------ Dataset records ------

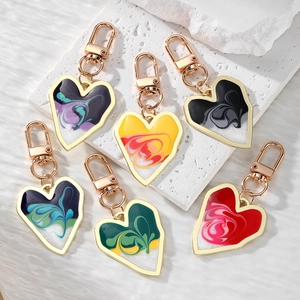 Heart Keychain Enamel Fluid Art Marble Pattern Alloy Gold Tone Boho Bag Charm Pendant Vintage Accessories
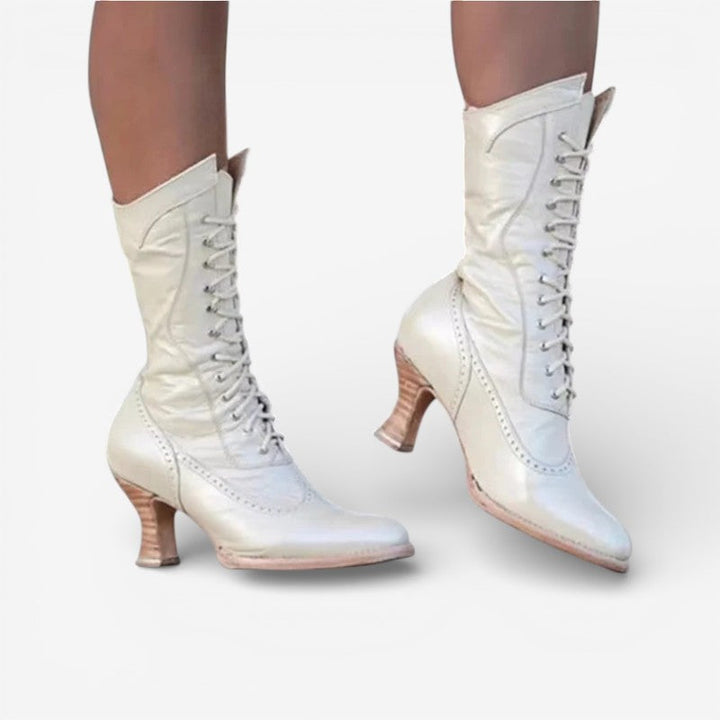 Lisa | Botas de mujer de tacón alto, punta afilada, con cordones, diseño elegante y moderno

------
------ Dataset records ------

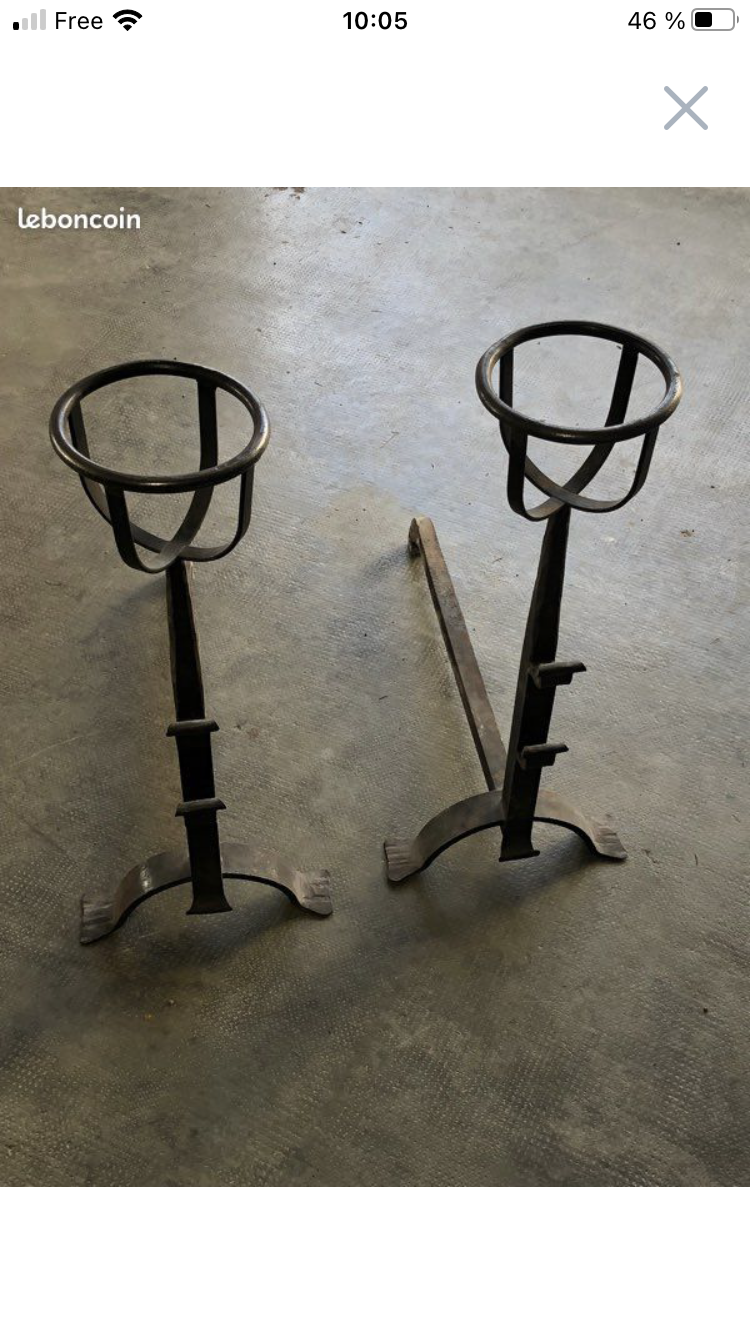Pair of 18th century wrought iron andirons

------
------ Dataset records ------

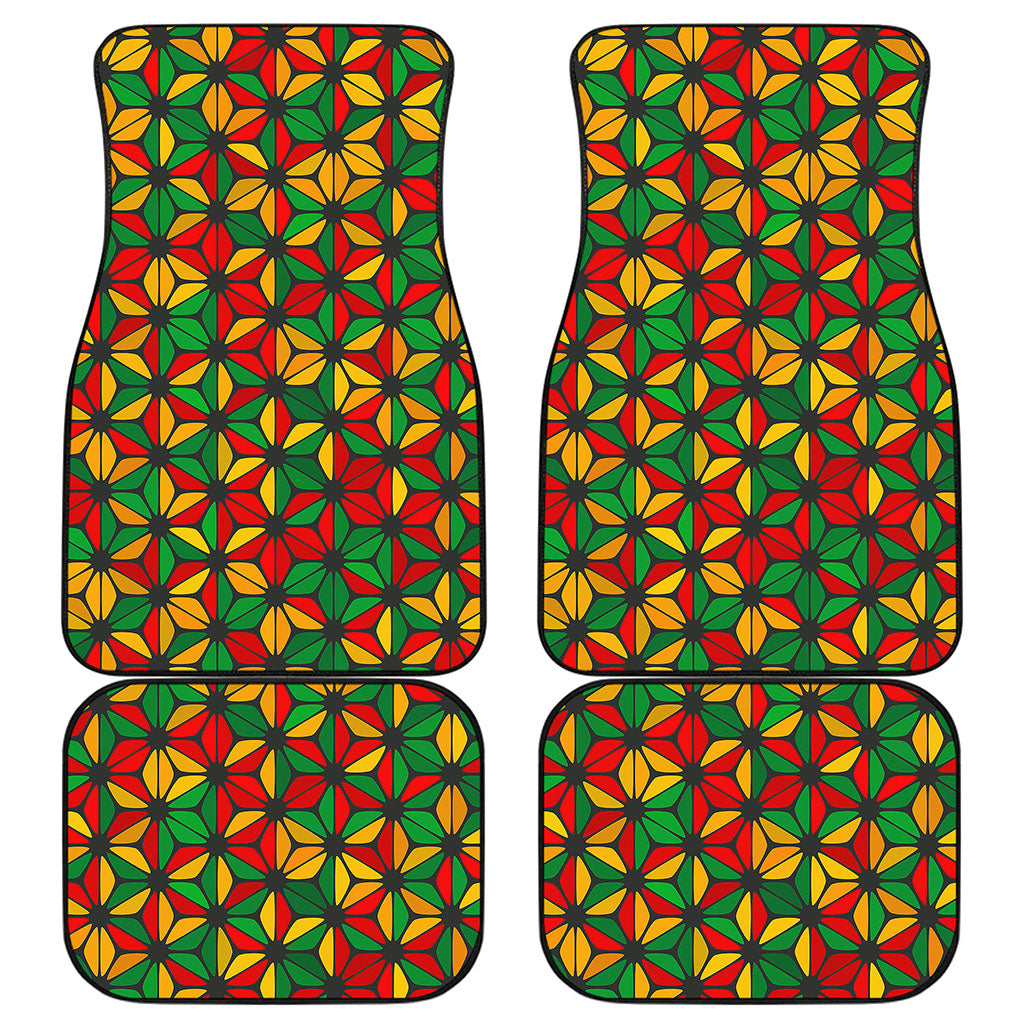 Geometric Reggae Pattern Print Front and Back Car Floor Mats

------

## [Problem]
Working from the data above, repeat exactly, and only, the lines that begin at the line containing "Heart Keychain Enamel" and stop after the line containing "Lisa | Botas"; pictures are not copied.

## [Reply]
 Heart Keychain Enamel Fluid Art Marble Pattern Alloy Gold Tone Boho Bag Charm Pendant Vintage Accessories
 Lisa | Botas de mujer de tacón alto, punta afilada, con cordones, diseño elegante y moderno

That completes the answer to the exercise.